After a while at the top of the SERPs my affiliate links starting to appear in the SERPs. That's an affiliate link, like http://www.vendorsite.tld?id=my_affiliate_id I can surmise that with the success of my pages at the top of the SERPs, and because those pages included multiple back links to affiliate landing pages which included my affiliate IDs as shown, those vendor landing pages started to rank for relevance. Not at the top, mind you, but certainly high enough to start generating affiliate sales for me, independent of my own websites.
Think about it. That's lead generation for FREE. No bandwidth, no use of my web pages, no liability (?), just pure profit. Sounds good so far.
Those experienced in the audience have already recognized the obvious... as scraper scum build scraper sites from the SERPs, my web pages are naturally included (as evidenced by the 302 hijacking of a few months ago) but SO ARE THE VENDOR PAGES WITH MY AFFILIATE IDs. Count those as backlinks to me, and backlinks to that vendor site, but with my affiliate ID. More scraper sites means more backlinks, and more references to me as being "important". Plus, more references to my vendor as being "important".
Now the theoretical questions.
Is a URL with query string treated by the search engines as a unique page, or as a variant of the "canonical" page (without the query string)? This is argued frequently. As the SEs "improve" the engines, and start crawling those "dynamic pages" using some compromise along these lines, I win. My pages rank, and my vendor ransk FOR MY AFFILIATE LANDING PAGE. The rich get richer, no?
What about *other* gazillion affiliates whose backlinks to the same vendor site are supposedly signaling the hierachical importance of that vendor site for the topic of interest? Does it work on the canonical domain, on the page, or is the URL-with-query-string treated as a page? Is some "page rank"passed upwards to the vendor's domain (root), and if so, is it then distributed back downwards to other pages on that domain, including my affiliate landing page? More affiliates means more relevance for my pages again. The rich get richer again. I'm liking this for sure.

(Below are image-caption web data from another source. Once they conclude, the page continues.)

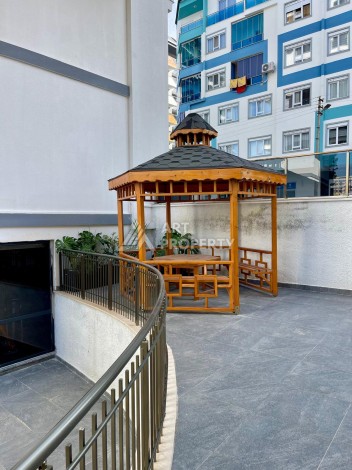 Квартира 2+1 дуплекс с видом на море в районе Махмутлар. - Ракурс 14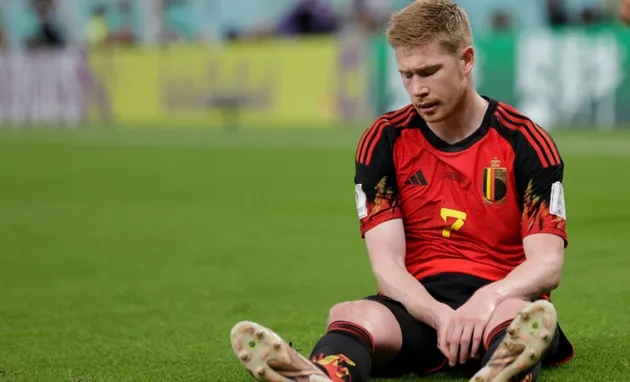 Hình ảnh quá khác biệt của Kevin De Bruyne so với World Cup - Bóng Đá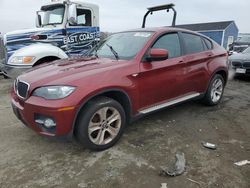 Salvage cars for sale at Assonet, MA auction: 2011 BMW X6 XDRIVE35I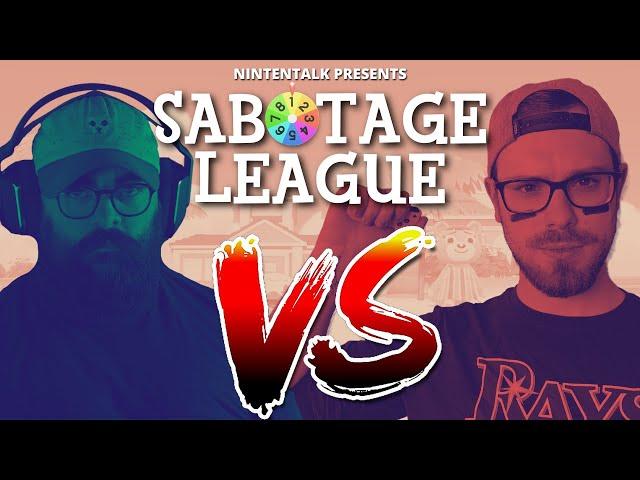 Vs. Villager Hunt! | Sabotage League Final vs Nintentalk | Animal Crossing New Horizons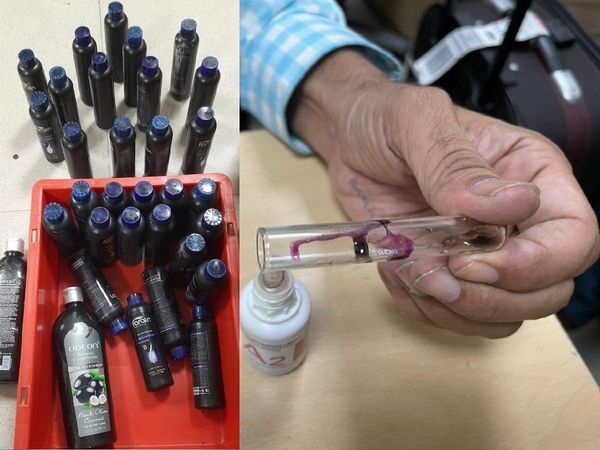 Heroin Worth Rs 53 Crore Hidden In Shampoo Bottles Seized At Delhi Airport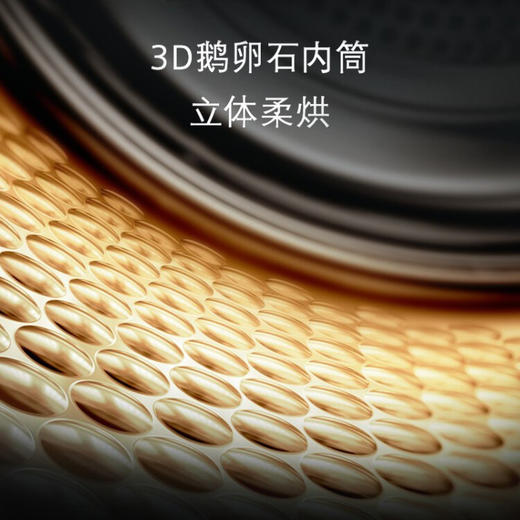 西门子（SIEMENS）WQ55A2D80W10公斤大容量热泵烘干冷风护理 除菌除螨 热风定时 自清洁 蚕丝被烘 银色 WQ55A2D80W 商品图3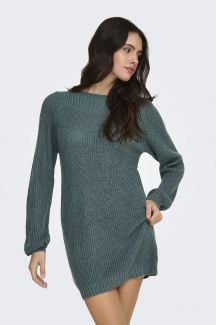 Knitted dress JACQUELINE DE YONG 15234103-North-Atlant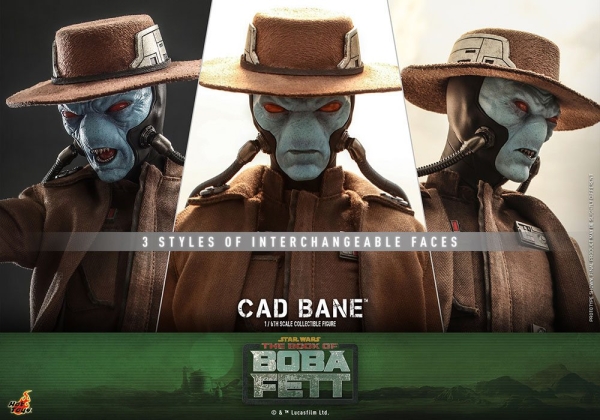 |HOT TOYS - Star Wars- The Book of Boba Fett - 1/6 - Cad Bane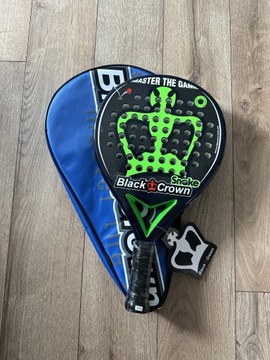 Rakieta Padel Black Crown 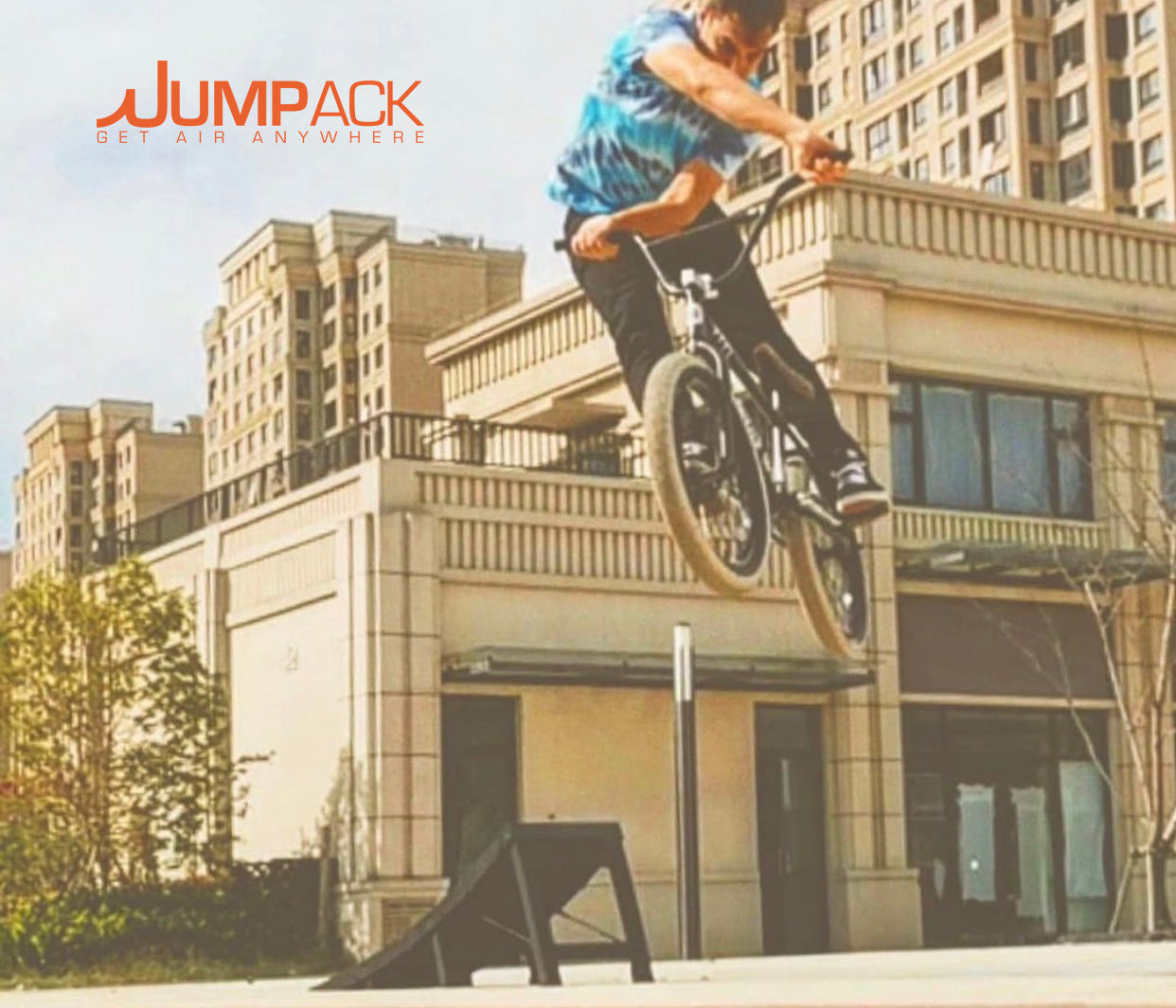 Jumpack best ramp for bmx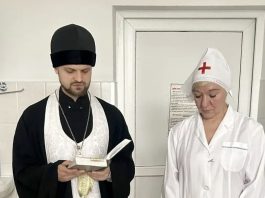 Иерей Николай Козак навестил подопечных хосписа города Краснодара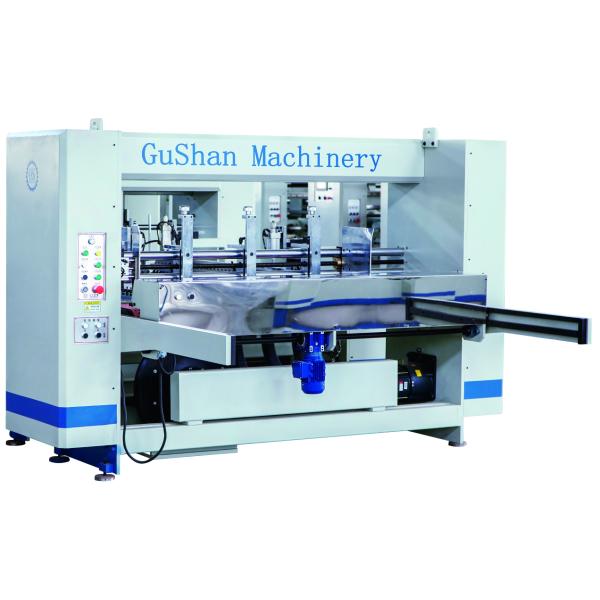 2400 Auto Folder Gluer Corrugated Box Carton Folding Gluing Machine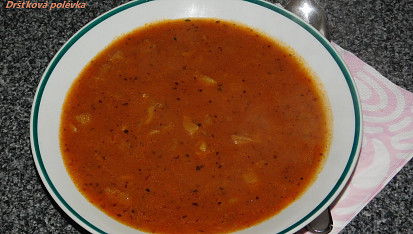 Dršťková polévka I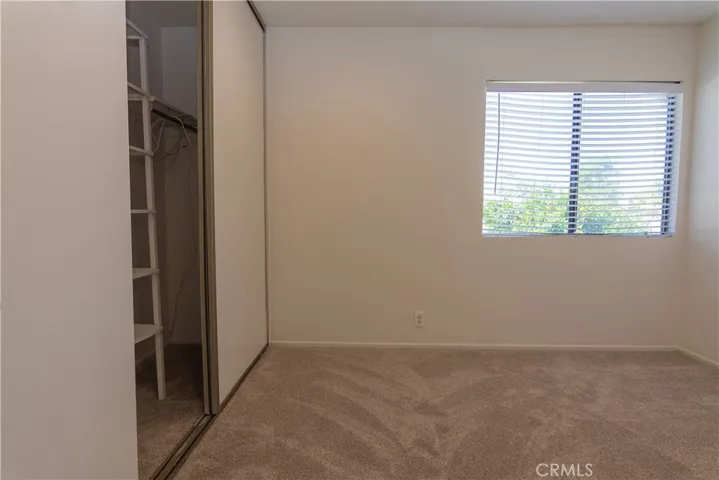 2nd bedroom closet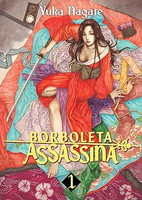 Borboleta Assassina (mangá volume 1 de 3)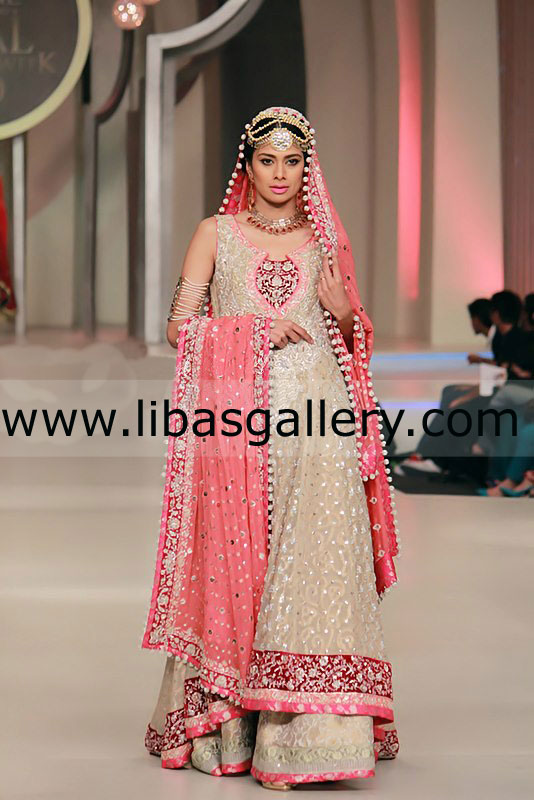 Buttercup Viktoria Sharara Bridal Dress
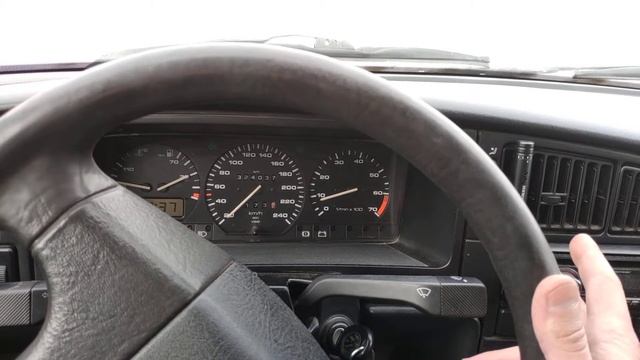 Малоизвестный режим дворников Passat B3 смотреть онлайн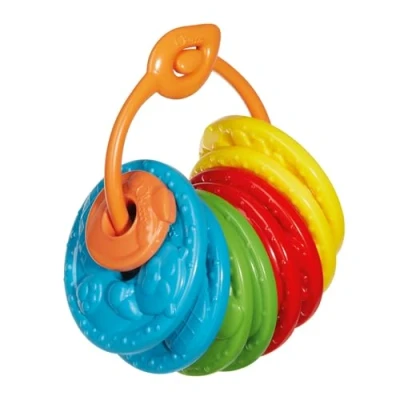 Afbeelding van Chicco Bos, beweging, klassiek spel, 8 druppels en 1 mondstuk, met transportring, 2 5 jaar, 00011009000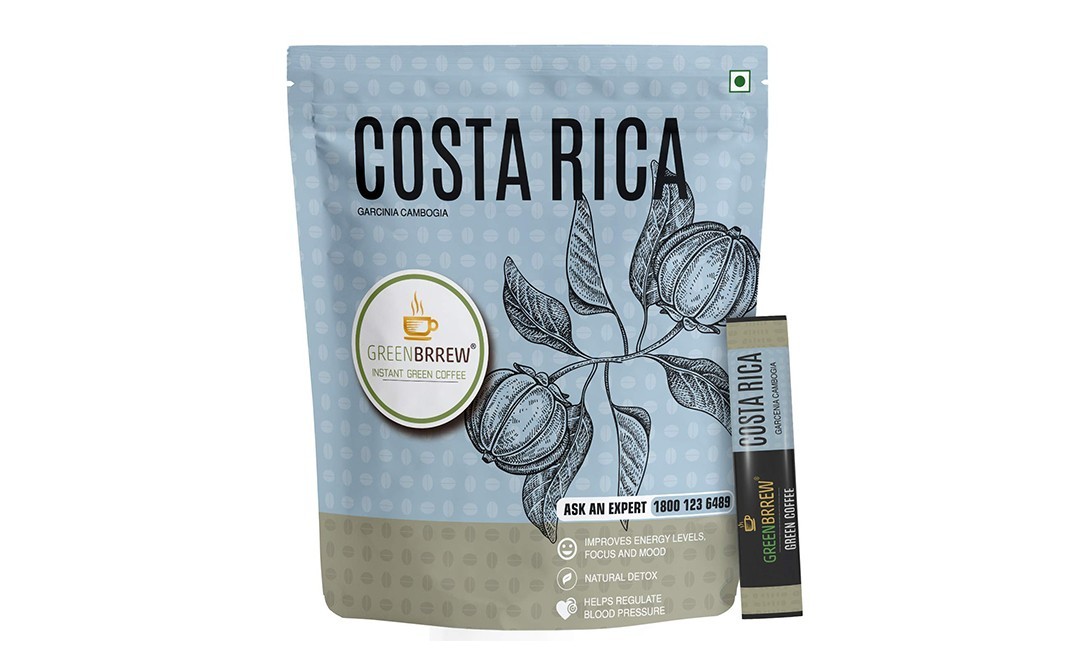 GreenBrrew Costa Rica Garcinia Cambogia   Pack  30 grams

When we hear about the search engines addressing the affiliate situation, it is usually limited to those who link directly to the vendor site via PPC ads and such (not those who build pages which may link to the vendor site). I understand the desire of SEs to avoid representing the same vendor multiple times in the SERPs; that is a basic SEO strategy to be moderated. But if landing pages with affiliate IDs are now raked independently from the sites that house them, they compete with the vendor's own pages. Why am I winning that competition? I am not generating the majority of traffic to that vendor (I may be one of their super affiliates, but my traffic is not larger than the combined traffic from all other sources -- not even close).
I can hope that the search engines have bigger problems than this, so they won't try and track affilaite IDs, or revert to not indexing "dynamic URLs". There's no need, because this current situation serves the user well. They're buying via the links provided, so they are being served.
So scrape away, scraper scum. Continue generating leads and sales for my vendor under my affiliate ID, and I will continue to not share the profits with you. It's been working well so far! I look forward to continuing our unilaterally beneficial relationship, and finding more like it.